Que se cache-t-il derrière ce titre, La beauté du Diable?

Stéphane Pauwels – Cela signifie que si l'on prend le temps de découvrir ces quatre joueurs, on va voir qu'il ne s'agit pas juste de demeurés qui tapent dans un ballon. Ils ont la tête bien sur les épaules et gèrent leur notoriété.

L'idée est donc de découvrir leur vraie personnalité?

S.P. – Oui, il ne faut pas être accro au foot pour regarder. On verra que Hazard est conscient qu'on le trouve arrogant. Mais qu'il sait parfaitement ce qu'il vaut. Witsel a pour sa part une trajectoire de vie bien définie et il la suit à merveille. Defour, lui, a eu un parcours personnel très compliqué avant de réussir dans le foot. Tout comme Benteke.

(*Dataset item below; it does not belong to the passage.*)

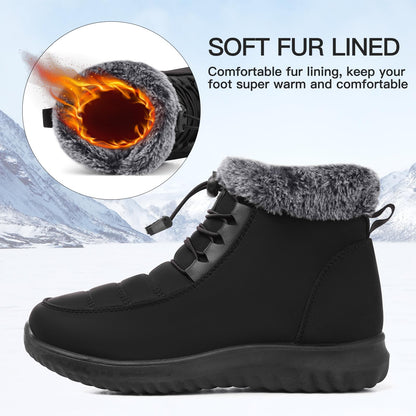 SHIBEVER Winter Boots for Women Snow: Black Fur Lined Warm Ankle Boots - Cold Weather Water Resistant Outdoor Zipper Snow Shoes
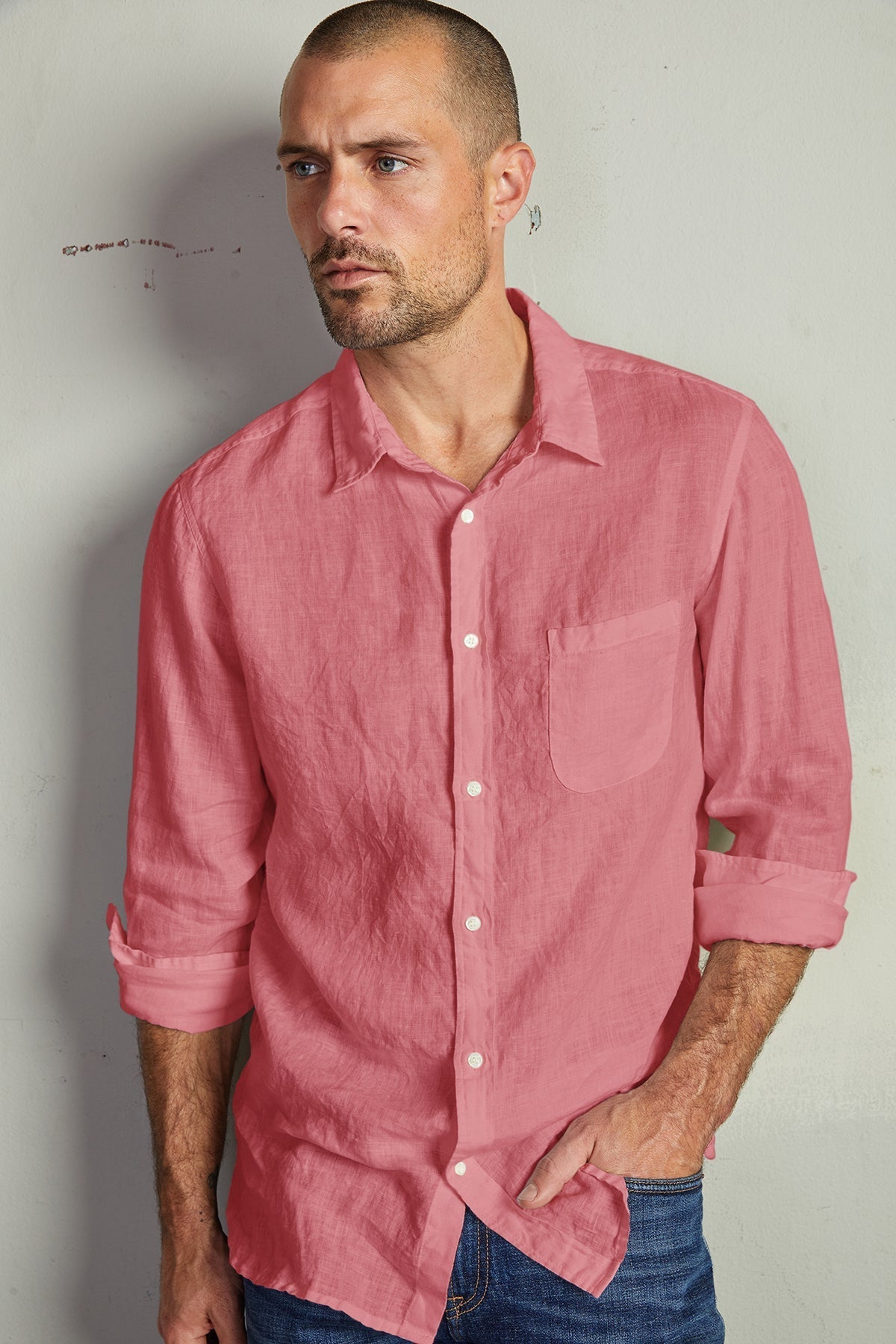 BENTON LINEN BUTTON-UP SHIRT - Velvet Staging 2.0-26916058857668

Justement, Benteke ne participera pas au mondial à cause d'une blessure. Il aurait davantage sa place dans Les orages de la vie, non?

S.P. – Oui, c'est terrible ce qui lui arrive. On avait tourné le reportage avant sa blessure. On est revenu le voir après et on l'intégrera dans le portrait. Il est extrêmement déçu.

Au final, qu'est-ce que La beauté du Diable apporte de plus que Diables au cœur, diffusé sur La Une?

S.P. – J'ai regardé cette émission 12 minutes et j'ai zappé. On n'y apprend rien si ce n'est que les joueurs vivent ensemble avant les matchs. Mais ce n'est pas un scoop, ça. Nous, on veut vraiment que le regard du public sur les quatre joueurs soit plus riche et différent après la vision des portraits.